Claudia Rosett, no slouch herself in making the connections between Saddamite Iraq and the al-Qaeda network, helps to spread the word of Stephen Hayes' and Thomas Joscelyn's crucial new NRO piece by talking it up in today's Opinion Journal from the Wall Street Journal.
It's really important for people who advocate war in Iraq to stand up and insist on its necessity to those who do not know the facts ---especially when this Administration so routinely fails itself at making that case to the public.
As Rosett recounts (with emphases added ---because I'm a didactic bastage):
Since the fall of Saddam, the U.S. has had extraordinary access to documents of the former Baathist regime, and is still sifting through millions of them.

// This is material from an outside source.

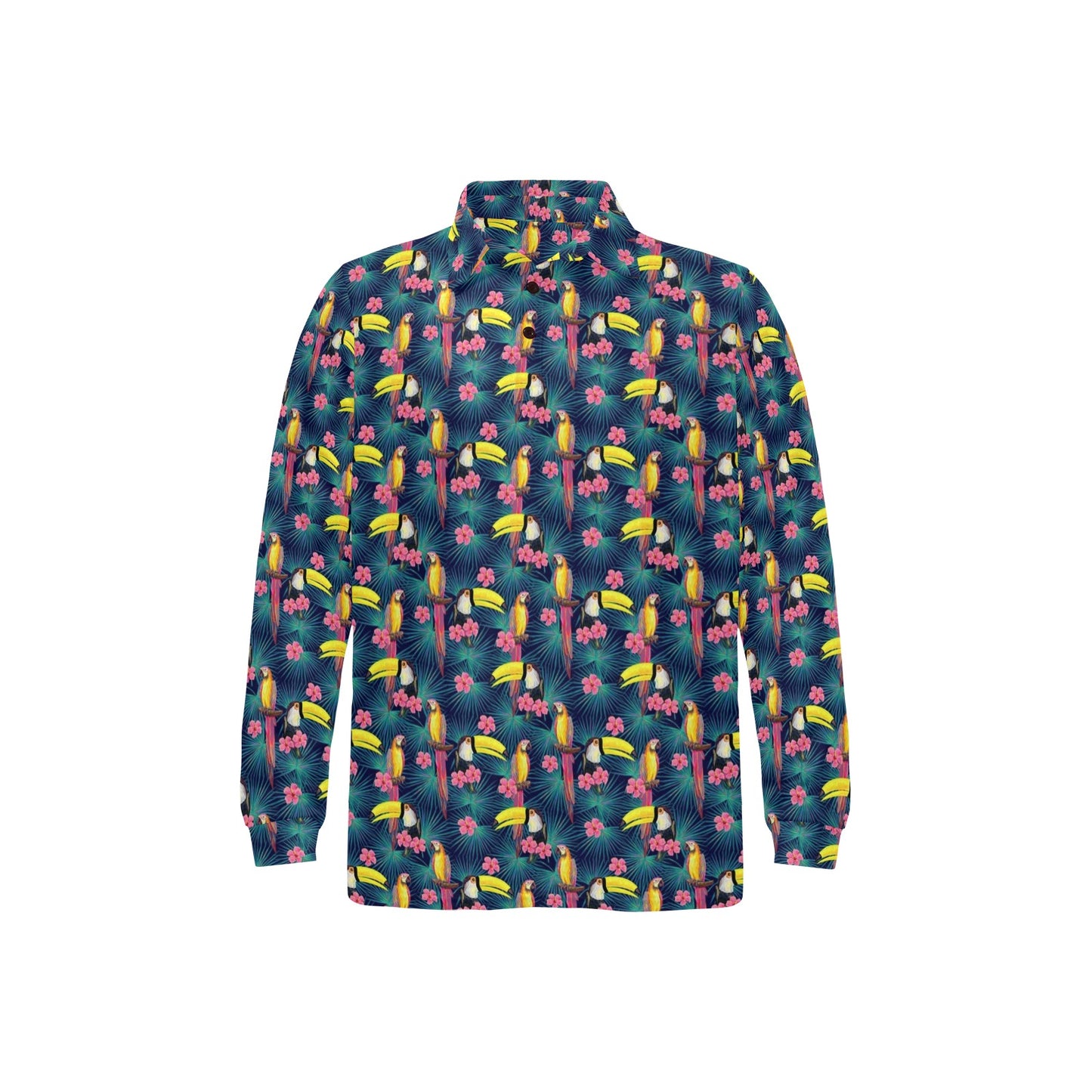 Toucan Parrot Design Long Sleeve Polo Shirt For Men's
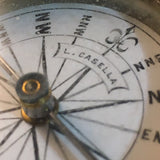 Zero Stock- Antique Compass with Porcelain Dial Made by L. Casella London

Messrs. Hayes and Joscelyn take some of what is already available, combined with other reports, documentation and details, some from before the overthrow of Saddam, some after. For page after page, they list connections--with names, dates and details such as the longstanding relationship between Osama bin Laden's top deputy, Ayman al-Zawahiri, and Saddam's regime.Yep. But if we leave it up to the fucking [mainstream media], all we're going to hear about is missing and attractive white girls, shark attacks, and how awful Karl Rove's crime against Valerie Plame and our national security is. This issue of Saddamite Iraq's ties to the jihadists, however, is the real one ---and people need to be paying attention.
Messrs. Hayes and Joscelyn raise, with good reason, the question of why Saddam gave haven to Abdul Rahman Yasin, one of the men who in 1993 helped make the bomb that ripped through the parking garage of the World Trade Center. They detail a contact between Iraqi intelligence and several of the Sept. 11 hijackers in Malaysia, the year before al Qaeda destroyed the twin towers. They recount the intersection of Iraqi and al Qaeda business interests in Sudan, via, among other things, an Oil for Food contract negotiated by Saddam's regime with the al-Shifa facility that President Clinton targeted for a missile attack following the African embassy bombings because of its apparent connection to al Qaeda. And there is plenty more.